La nécessité d’évaluer la sécurité des médicaments est apparue suite aux accidents thérapeutiques du début du XXème siècle voire aux tragédies comme ce fut le cas pour le thalidomide. Les études imposées par les Etats pour l’évaluation de la sécurité d’un médicament évoluent en fonction des nouvelles connaissances et sont harmonisées par un organisme international appelé ICH (International Conference on Harmonisation). Cette harmonisation internationale garantit la valeur scientifique et médicale des études et évite leur répétition. La même démarche existe pour les médicaments vétérinaires et l'organisme international concerné est le VICH.

Les études d’évaluation de la sécurité appelées aussi études de toxicologie sont encore essentiellement réalisées sur des animaux car ce sont les seuls modèles capables de reproduire les effets d’un produit sur un organisme entier. Les espèces animales retenues sont choisies pour leur capacité à prédire le mieux possible les effets secondaires. Il s’agit essentiellement de rongeurs, mais aussi de lapins, de chiens ou de primates. Les recommandations internationales précisent en fonction de l’usage prévu pour le médicament les études nécessaires, les espèces animales, les nombres d’animaux, les doses de médicament, les voies et les durées d’administration. Le nombre d'animaux utilisés pour la sécurité des médicaments représente environ 5% des animaux utilisés pour l'ensemble de la recherche en France.

Les tests utilisés en toxicologie sont les plus sûrs possibles compte-tenu des connaissances scientifiques. Ils protègent les patients dans les  essais cliniques et sont utilisés pour la rédaction des notices d’utilisation des médicaments (contre-indications, mises en garde, précautions d’emploi, interactions médicamenteuses). Bien qu’efficaces ces évaluations de sécurité ne sont pas parfaites.
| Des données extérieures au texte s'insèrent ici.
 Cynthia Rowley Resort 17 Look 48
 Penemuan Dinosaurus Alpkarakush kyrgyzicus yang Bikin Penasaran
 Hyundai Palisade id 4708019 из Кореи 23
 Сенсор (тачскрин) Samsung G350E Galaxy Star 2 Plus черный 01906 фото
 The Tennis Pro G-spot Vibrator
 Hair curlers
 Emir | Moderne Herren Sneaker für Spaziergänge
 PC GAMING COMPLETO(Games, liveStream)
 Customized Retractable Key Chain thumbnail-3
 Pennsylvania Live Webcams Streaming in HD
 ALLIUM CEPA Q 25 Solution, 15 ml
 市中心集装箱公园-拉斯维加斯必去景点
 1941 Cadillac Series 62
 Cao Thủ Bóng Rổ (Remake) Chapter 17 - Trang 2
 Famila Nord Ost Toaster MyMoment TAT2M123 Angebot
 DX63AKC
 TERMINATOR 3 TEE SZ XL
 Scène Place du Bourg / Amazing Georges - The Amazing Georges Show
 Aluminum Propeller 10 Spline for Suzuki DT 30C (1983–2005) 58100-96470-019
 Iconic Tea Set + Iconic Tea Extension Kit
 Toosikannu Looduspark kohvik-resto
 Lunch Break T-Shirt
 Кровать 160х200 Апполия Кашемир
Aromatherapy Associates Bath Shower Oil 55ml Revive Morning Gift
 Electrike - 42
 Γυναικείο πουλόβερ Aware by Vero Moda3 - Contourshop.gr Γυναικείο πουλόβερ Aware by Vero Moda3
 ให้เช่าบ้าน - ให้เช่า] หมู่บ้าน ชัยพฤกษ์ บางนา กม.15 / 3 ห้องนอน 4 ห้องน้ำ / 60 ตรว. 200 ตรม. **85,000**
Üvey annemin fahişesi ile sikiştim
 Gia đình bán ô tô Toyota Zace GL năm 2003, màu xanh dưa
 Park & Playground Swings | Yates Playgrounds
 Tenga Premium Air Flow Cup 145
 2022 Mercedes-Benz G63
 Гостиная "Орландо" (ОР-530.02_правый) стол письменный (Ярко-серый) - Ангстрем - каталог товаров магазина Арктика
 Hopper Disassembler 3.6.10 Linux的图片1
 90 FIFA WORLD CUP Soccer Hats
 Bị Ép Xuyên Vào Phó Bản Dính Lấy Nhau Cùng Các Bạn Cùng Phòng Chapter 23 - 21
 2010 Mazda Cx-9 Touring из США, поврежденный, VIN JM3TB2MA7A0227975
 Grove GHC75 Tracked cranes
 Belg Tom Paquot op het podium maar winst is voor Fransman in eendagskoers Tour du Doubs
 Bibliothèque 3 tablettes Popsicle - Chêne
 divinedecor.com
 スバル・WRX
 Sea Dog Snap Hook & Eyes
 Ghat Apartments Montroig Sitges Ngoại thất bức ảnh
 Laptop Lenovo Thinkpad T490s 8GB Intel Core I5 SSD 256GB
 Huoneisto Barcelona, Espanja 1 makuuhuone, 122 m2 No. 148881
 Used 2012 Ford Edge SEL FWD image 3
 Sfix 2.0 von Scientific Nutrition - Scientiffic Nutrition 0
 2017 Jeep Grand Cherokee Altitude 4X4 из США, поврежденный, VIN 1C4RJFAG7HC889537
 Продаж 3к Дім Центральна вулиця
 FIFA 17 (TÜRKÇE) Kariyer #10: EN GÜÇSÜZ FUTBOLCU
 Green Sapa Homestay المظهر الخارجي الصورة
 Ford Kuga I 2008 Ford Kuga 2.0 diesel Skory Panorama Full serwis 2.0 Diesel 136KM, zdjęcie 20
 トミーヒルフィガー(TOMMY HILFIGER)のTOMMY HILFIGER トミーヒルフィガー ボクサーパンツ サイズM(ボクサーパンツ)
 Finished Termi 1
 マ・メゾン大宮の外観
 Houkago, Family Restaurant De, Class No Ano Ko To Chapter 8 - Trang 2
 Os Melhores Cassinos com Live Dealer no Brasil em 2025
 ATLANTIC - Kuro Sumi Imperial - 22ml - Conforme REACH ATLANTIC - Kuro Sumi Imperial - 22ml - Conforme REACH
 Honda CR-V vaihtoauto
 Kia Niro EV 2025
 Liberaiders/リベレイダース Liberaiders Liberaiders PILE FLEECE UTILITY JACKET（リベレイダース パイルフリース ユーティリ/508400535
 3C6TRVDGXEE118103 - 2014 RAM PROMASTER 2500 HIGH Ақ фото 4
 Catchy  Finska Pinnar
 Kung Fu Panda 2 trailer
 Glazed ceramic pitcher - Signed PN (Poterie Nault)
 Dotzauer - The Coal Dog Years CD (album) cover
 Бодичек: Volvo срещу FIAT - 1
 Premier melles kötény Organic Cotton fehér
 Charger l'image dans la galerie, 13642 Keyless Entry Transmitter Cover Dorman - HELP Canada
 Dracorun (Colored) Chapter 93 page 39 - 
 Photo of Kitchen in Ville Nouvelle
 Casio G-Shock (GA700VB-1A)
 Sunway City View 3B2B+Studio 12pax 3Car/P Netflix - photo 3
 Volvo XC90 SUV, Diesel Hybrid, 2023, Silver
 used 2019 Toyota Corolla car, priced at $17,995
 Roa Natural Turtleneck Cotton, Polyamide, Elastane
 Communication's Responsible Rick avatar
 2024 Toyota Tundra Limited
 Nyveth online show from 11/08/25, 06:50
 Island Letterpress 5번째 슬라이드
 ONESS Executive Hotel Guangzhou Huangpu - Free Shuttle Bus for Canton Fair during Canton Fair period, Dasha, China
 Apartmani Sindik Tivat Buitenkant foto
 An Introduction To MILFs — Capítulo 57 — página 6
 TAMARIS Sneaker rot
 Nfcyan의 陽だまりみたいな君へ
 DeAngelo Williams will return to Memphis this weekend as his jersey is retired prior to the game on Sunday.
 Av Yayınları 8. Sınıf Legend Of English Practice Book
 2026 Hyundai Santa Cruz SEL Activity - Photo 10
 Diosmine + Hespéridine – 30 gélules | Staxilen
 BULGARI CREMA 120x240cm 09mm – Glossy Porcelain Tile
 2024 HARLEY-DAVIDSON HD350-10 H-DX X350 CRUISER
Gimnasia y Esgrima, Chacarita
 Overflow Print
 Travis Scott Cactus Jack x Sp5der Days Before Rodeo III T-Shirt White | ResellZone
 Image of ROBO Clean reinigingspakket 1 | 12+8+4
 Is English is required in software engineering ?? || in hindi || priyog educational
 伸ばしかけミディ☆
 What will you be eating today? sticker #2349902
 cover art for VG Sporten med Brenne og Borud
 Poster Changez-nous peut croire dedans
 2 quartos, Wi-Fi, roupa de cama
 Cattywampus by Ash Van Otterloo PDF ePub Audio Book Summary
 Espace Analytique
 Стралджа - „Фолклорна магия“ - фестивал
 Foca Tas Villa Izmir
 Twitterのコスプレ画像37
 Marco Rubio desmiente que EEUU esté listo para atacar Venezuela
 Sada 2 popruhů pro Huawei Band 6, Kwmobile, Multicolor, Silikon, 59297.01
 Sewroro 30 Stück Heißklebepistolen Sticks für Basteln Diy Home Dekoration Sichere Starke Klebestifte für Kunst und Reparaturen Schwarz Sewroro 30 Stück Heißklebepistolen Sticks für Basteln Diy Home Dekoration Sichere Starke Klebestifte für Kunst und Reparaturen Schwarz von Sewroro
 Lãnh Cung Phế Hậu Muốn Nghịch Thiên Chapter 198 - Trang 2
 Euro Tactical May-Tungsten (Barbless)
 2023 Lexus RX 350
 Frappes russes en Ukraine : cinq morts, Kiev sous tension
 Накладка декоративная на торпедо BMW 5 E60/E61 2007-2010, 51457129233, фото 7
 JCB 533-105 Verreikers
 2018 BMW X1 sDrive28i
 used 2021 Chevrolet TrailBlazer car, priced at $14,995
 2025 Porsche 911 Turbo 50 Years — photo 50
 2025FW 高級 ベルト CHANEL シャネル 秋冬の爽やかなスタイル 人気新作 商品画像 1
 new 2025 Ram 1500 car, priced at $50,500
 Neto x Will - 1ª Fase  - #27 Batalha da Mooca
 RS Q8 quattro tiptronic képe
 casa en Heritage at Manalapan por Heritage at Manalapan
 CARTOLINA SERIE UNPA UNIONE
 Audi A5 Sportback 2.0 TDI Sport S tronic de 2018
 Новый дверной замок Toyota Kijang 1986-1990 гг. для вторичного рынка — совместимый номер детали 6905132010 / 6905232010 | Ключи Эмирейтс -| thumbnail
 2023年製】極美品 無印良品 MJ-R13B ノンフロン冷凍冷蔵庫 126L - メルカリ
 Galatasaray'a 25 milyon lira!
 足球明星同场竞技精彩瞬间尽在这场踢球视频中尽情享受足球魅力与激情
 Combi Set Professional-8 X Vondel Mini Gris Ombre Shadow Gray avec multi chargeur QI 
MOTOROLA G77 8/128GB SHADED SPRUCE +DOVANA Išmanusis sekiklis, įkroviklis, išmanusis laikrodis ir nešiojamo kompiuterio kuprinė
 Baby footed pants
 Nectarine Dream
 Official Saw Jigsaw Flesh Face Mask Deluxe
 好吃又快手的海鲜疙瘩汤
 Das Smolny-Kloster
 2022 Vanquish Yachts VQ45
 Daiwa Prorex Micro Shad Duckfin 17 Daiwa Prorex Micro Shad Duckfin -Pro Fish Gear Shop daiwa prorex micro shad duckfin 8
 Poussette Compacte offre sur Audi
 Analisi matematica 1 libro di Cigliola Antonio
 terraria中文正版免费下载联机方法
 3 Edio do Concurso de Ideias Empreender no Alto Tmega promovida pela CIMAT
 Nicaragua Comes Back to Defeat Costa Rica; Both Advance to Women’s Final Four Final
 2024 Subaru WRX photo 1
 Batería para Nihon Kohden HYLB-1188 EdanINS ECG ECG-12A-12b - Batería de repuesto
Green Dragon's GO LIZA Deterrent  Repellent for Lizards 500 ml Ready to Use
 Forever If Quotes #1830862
On souhaiterait disposer de tests plus rapides (certains tests actuels durent plusieurs années), moins couteux et n’utilisant pas d’animaux. Il faudrait aussi que les études de toxicologie puissent prévoir les effets secondaires rares qui sont parfois détectés chez des patients après la mise sur le marché. Pour toutes ces raisons l’ICH se réunit plusieurs fois par an pour mettre à jour les recommandations en tenant compte de l’évolution des connaissances scientifiques et médicales.

Il faut aussi savoir que les contrôles de qualité des médicaments d’origine biologique (vaccins, sérums, produits dérivés du sang ou extraits de tissus biologiques) sont encore essentiellement réalisés in vivo. En effet, d’une part la complexité de ces produits ne permet souvent pas le recours aux méthodes d’analyse physico-chimiques pour les contrôles de qualité, et d’autre part leur origine biologique impose des contrôles particuliers supplémentaires pour écarter le risque de contamination par des agents infectieux. Tout ceci impose des tests sur animaux. Ces tests, qui doivent être répétés à chaque lot de fabrication, emploient en France plus de 20% des animaux utilisés en recherche animale. Cela dit les chercheurs découvrent régulièrement des méthodes de substitution. Par exemple le laboratoire Novo Nordisk spécialisé dans les médicaments biologiques a réussi après 30 ans de recherche et d’efforts à supprimer les tests in vivo pour le contrôle de ses produits.